While diversity is often celebrated, discrimination still exists in our province. Some examples of ethnic discrimination are reflected in the 2020 In Plain Sight report, which found 84% of surveyed Indigenous Peoples reported facing discrimination when receiving health care. Additionally, anti-Asian hate crimes increased across BC during the pandemic (a 717% increase in Vancouver alone). Gender discrimination has also increased in BC in recent years, where police reported 263 hate crimes targeting sexual orientation in 2019, up 41% from a year earlier. 

There may be times when someone may disrespect, harass or abuse others who may be different from them. In this case, it’s important that we recognize that something wrong is happening and take a stand for ourselves and others, especially when they aren’t able to do so for themselves. 

What is discrimination?

Discrimination is the unfair or harmful treatment of people and groups based on characteristics such as race, ethnicity, culture, religion, gender, ability, age, appearance, sexual orientation, gender identity or class. It can be scary just being a part of a group that is often discriminated against, such as Indigenous Peoples, racial minorities or individuals who identify as Two-Spirit and/or members of the gender and sexually diverse community. 

What can discriminatory harassment look like?

Discrimination can happen anywhere and some places may have special laws or rules in place to help protect people against harassment. 

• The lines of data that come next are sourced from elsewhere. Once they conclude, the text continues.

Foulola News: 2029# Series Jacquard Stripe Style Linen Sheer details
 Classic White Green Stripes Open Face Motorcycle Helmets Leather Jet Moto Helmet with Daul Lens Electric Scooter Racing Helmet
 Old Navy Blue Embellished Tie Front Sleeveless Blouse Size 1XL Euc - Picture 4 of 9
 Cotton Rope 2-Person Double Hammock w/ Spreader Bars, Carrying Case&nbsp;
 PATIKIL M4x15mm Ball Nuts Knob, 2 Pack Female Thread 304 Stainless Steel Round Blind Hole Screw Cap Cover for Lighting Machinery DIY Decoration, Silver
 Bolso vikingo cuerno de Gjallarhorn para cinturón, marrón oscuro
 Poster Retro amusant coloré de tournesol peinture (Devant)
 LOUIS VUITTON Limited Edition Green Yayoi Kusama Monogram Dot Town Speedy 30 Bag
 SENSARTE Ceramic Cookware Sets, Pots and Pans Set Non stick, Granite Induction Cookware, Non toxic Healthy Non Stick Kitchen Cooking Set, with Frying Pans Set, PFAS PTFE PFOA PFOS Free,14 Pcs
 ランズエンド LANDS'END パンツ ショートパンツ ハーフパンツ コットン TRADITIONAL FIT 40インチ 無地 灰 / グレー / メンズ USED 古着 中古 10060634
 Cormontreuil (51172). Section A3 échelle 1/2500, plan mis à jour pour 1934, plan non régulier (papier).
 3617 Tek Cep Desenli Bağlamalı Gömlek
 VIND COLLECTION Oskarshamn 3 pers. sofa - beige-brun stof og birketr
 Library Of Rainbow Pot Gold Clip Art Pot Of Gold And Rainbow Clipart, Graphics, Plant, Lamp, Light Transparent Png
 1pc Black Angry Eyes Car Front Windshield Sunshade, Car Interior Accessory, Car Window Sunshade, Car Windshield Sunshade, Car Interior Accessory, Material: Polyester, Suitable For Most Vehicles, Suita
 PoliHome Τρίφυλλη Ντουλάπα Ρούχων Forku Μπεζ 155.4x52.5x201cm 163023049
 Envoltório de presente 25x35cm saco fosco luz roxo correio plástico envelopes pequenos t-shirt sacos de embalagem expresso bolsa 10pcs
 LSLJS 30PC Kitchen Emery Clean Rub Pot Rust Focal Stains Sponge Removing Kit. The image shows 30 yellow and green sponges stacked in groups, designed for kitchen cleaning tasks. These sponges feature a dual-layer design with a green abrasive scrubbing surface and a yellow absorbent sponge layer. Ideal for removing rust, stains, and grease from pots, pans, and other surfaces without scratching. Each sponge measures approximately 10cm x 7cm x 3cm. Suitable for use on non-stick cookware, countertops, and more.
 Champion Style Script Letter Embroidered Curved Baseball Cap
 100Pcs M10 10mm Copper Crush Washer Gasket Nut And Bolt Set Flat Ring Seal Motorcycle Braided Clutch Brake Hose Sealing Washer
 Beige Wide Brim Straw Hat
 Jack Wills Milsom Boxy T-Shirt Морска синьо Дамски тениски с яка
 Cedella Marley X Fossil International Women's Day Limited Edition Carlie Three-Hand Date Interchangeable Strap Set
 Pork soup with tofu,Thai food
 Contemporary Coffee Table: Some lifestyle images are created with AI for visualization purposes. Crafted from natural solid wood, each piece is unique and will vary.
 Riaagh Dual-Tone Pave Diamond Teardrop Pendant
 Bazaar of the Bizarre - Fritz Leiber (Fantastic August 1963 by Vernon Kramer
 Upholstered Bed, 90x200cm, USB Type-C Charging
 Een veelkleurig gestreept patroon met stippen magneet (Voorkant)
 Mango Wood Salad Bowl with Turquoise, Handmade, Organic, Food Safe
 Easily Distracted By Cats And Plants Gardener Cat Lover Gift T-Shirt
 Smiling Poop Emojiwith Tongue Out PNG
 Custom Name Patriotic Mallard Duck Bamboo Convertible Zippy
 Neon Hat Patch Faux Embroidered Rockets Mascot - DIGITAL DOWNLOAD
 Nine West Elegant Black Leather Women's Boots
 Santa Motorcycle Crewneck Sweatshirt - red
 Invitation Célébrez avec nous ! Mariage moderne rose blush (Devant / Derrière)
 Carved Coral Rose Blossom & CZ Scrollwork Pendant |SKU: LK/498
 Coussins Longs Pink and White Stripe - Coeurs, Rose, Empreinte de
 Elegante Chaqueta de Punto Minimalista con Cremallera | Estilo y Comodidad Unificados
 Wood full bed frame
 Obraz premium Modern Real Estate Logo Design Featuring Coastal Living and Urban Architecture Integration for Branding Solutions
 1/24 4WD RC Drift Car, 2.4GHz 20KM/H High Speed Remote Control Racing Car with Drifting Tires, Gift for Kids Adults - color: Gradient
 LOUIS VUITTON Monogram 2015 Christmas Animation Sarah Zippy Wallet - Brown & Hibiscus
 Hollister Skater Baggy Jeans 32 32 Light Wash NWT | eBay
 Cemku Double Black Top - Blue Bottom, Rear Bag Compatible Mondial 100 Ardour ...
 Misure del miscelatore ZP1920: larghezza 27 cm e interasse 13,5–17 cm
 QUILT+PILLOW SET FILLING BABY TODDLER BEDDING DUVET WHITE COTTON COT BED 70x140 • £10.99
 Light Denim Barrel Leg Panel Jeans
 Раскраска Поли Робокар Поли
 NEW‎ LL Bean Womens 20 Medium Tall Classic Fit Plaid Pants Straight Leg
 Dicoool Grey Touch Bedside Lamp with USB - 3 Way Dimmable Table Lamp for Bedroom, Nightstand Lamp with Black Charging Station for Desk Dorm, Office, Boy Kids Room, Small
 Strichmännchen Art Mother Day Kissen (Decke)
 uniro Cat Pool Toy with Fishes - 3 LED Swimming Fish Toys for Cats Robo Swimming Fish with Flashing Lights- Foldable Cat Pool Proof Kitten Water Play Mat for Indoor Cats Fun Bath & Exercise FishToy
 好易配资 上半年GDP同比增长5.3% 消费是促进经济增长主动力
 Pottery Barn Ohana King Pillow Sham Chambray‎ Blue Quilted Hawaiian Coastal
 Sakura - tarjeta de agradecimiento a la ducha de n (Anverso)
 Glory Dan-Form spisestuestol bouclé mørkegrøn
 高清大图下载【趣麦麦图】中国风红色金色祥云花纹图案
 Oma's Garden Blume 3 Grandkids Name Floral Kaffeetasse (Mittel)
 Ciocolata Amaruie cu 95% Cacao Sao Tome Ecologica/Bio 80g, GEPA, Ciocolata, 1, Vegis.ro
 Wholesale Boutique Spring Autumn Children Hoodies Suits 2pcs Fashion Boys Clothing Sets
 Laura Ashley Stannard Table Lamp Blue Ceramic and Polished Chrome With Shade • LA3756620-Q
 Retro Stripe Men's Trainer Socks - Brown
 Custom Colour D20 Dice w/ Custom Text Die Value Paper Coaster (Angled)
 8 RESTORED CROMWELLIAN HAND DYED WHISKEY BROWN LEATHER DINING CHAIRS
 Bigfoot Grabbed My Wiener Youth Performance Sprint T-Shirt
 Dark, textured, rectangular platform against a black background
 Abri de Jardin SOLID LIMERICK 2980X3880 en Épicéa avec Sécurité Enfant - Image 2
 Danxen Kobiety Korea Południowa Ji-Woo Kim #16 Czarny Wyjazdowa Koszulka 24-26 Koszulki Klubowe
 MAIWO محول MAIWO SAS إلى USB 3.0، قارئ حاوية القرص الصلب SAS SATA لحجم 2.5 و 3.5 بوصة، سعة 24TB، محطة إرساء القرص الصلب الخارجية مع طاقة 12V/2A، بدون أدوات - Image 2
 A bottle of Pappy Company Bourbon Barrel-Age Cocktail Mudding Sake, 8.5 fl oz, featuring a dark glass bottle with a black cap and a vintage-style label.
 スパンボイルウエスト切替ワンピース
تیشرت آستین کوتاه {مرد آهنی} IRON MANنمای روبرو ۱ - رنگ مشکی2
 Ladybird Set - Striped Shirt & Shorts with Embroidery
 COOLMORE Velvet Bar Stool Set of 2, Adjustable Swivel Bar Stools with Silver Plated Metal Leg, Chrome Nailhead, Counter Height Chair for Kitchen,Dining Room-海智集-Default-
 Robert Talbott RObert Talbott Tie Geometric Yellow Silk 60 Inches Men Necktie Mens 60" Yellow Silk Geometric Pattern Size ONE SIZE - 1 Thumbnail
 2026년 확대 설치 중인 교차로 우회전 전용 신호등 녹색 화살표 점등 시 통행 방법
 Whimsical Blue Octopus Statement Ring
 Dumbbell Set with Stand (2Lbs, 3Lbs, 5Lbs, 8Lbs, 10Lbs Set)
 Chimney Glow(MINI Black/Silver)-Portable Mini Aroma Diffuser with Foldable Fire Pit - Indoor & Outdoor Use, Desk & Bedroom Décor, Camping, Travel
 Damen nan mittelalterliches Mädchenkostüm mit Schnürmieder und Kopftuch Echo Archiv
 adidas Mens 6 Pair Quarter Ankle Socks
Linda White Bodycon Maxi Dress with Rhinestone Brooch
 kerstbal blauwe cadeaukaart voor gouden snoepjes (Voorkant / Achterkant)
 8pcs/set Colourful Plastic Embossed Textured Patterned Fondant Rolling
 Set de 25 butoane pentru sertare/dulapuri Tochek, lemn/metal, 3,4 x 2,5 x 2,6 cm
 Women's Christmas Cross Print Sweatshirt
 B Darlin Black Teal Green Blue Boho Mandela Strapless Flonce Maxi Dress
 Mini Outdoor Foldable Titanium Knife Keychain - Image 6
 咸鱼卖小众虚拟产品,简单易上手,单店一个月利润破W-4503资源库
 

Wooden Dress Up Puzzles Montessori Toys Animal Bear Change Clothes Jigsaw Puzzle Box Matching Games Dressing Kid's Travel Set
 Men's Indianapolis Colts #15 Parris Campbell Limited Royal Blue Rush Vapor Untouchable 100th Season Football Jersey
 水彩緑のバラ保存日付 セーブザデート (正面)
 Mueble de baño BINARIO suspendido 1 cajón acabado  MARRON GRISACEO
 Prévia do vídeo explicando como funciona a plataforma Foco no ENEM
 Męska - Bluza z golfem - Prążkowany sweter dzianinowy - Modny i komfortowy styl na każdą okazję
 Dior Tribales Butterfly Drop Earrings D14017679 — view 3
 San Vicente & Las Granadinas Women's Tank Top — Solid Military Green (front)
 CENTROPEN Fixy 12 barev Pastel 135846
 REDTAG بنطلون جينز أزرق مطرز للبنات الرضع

A lot of different things count as harassment, such as:

  • Microaggressions
  • Comments about your appearance, speech or actions
  • Someone treating you differently because of your race, ethnicity, culture, religion, gender, age, ability or sexual orientation or more
  • Someone being aggressive or even physically violent because they are stereotyping you
  • Someone consistently following you because they are wary of you based on stereotypes

What are microaggressions?

Discriminatory actions can happen even when people don’t realize it. A microaggression is an intentional or unintentional offensive act that targets a person because they are part of a racial, ethnic, cultural, gender, religious, ability, age or sexually diverse group. 

There are many ways microaggressions can happen. This can look like making fun of someone’s ethnic food or language, mispronouncing someone’s name, ignoring someone’s preferred pronouns, deadnaming (using a transgender or non-binary person’s former name without their consent), etc. Microaggressions can also occur without you realizing or recognizing that it is happening. If you ever felt like you were dismissed or that achievements have been downplayed because you are part of a certain community, it’s likely that a microaggression happened.

I’ve noticed microaggressions, what can I do about it?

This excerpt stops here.